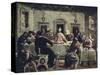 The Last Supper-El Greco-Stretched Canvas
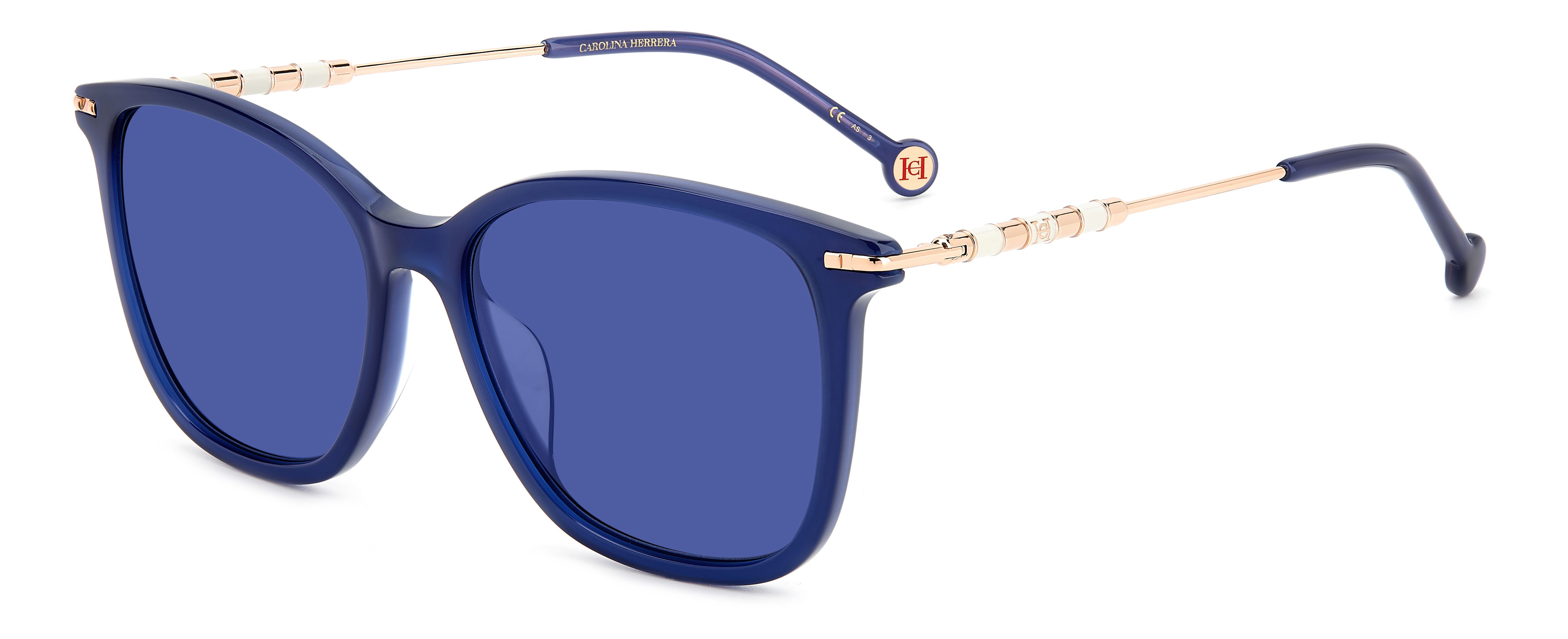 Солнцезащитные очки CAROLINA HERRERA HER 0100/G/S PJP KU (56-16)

--

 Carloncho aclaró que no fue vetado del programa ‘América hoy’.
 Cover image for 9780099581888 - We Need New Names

==

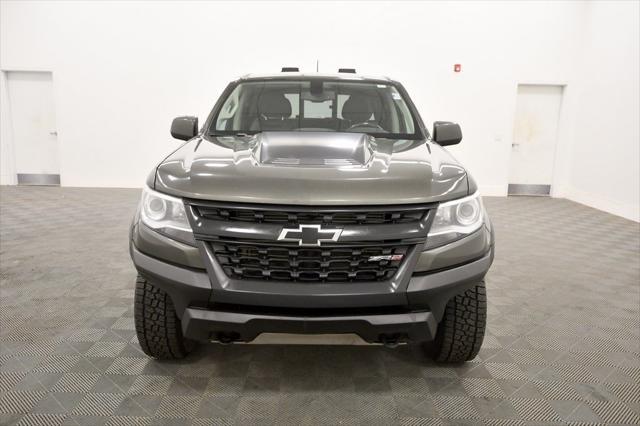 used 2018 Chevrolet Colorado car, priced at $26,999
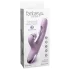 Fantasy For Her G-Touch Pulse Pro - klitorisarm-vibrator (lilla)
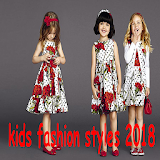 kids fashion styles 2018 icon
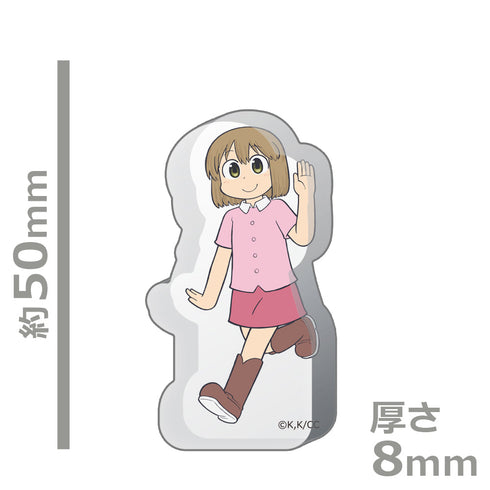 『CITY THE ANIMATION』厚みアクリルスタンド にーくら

ACTIVITY – Reproduce exactly, and only, the part of the listing above that begins at the line with "Carloncho aclaró que" and goes on through the line with "Cover image for".

EXERCISE RESPONSE –
 Carloncho aclaró que no fue vetado del programa ‘América hoy’.
 Cover image for 9780099581888 - We Need New Names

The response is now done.